Wednesday, April 29, 2020

Gravel build - Put the brakes on

Original though for this was to re-use existing post-mount brakes on this build.

Even though the frame and fork have flat mounts, for now the plan was to use components I already had, as there are adapters available for this.

That would mean less pleasant aesthetics but cheaper cost (also the pads are usually much cheaper for postmount stuff).

So, aesthetics wise, with the adapters the solution is simply FUGLY.


As an example pic stolen from here, we can see from left to right:
Postmount caliper on postmount.
Flatmount caliper on flatmount.

Postmount caliper on flatmount fork (see, fugly).

So, doing this on the fork was ok as basically there is nothing behind the fork.
Tried the frame and ... no way in hell it is going to fit.
Even just the adapter alone does not fit (hits the seatstay), so no way in hell.
I need to get new flatmount brakes.

(I could just get one for the rear and use the adapter in front ... but ...  fugly ! )

Choice was to the trusted (and currently on sale) TRP Spyre SLC (carbon wooooo).



There are not much options on mechanical flatmount disc brakes, and these work "OK".
Dual-sided (both pads move, unlike most mechanical disc brakes), use easy to find pads.

What I mean by "OK" is that it is not as good as good hydraulics, but is more than enough for the purpose when paired with compression-less cable housing, good rotors and pads.

Why mechanical ?
Simply because they are much cheaper. I can re-use existing STI levers.
If I drop the bike and break a lever or want to upgrade transmission, much cheaper to buy mechanical.
It is simpler to maintain if I am backpacking somewhere remote, It is simpler to hack something out to fix a cable, rather than look for a hose / bleed kit / hydraulic fluid in the middle of Morocco with a goat on my back.

Getting back to the build.

Got the brakes, installed them in 160mm configuration and done !!

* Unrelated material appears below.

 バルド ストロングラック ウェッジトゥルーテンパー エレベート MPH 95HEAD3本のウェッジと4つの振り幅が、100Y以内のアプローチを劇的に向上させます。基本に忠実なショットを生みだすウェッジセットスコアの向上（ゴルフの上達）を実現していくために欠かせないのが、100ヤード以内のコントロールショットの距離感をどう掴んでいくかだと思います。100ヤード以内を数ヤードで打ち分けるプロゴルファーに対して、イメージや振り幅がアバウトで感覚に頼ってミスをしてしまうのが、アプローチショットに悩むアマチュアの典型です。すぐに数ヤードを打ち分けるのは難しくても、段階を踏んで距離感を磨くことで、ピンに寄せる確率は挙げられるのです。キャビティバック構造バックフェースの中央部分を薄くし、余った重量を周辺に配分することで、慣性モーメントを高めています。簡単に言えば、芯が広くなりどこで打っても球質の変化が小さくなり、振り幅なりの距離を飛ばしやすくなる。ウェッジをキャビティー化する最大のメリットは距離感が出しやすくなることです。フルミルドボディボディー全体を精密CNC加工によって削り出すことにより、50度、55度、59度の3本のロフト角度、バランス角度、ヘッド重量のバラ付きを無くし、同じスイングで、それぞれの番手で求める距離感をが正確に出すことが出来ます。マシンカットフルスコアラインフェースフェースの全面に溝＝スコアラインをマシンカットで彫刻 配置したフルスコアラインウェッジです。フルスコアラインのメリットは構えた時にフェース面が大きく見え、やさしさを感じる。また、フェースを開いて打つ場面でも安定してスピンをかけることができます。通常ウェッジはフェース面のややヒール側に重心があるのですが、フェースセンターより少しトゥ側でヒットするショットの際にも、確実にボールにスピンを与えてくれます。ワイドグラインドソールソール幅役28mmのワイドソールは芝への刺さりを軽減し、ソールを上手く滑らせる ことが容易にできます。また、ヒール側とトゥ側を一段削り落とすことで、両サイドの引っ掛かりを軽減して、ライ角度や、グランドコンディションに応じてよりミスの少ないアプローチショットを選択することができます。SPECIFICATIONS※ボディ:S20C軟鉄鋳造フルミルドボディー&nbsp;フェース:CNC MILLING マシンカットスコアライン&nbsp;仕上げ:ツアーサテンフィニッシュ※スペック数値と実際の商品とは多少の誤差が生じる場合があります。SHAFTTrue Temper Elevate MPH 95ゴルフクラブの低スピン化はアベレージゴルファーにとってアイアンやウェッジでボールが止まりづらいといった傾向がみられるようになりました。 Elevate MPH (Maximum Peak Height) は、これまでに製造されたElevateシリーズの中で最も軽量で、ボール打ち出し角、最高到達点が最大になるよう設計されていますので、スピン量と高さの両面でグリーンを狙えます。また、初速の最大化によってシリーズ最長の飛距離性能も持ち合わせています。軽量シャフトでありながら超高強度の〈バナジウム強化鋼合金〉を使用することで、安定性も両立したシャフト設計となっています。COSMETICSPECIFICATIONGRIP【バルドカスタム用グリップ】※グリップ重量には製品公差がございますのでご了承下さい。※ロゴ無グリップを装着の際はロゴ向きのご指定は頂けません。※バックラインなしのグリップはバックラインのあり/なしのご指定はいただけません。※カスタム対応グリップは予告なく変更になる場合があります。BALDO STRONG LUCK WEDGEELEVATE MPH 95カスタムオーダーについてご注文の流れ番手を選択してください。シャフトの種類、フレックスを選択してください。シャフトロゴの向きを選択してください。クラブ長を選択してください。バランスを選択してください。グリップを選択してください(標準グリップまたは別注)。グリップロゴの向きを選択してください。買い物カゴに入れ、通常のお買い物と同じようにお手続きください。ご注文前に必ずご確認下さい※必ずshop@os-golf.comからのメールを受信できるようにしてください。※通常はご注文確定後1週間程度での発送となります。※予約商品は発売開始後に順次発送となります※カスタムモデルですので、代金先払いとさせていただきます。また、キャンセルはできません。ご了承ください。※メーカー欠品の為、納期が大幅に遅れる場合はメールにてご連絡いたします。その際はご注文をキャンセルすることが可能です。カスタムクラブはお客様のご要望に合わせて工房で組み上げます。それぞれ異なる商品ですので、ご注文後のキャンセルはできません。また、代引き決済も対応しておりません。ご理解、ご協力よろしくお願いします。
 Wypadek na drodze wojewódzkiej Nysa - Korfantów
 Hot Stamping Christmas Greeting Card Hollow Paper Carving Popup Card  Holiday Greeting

Oh, just one thing, replace the TRP pads ;) You'll thank me later.
(I will save them for the road bike, as I also use Spyres there and road is not so demanding on brakes).




SwissStop are a premium option, Shimano BS01 will also work fine for a budget pad.
(I heard wonders on TruckerCO pads (yes, strange name) but not been able to source them.)

One other thing, the length of the bolt for the rear brake depends on the frame stay width.
Learned it the hard way.

Measure it

29mm in this case, add 6 to 10mm ( so, 35 to 39mm will do ), look for bolts.

Available lengths are 27mm, 32mm, 37mm and 42mm.

Doing the math, in this case 32 is short(less than 35), 42 is long (more than 39), 37mm is just right !! Goldilocks.

ONE IMPORTANT NOTE :
If you order Shimano bolts, the size they mention is chainstay width. You order the 30mm version, to fit a 30mm chainstay, so you get a 37mm long bolt.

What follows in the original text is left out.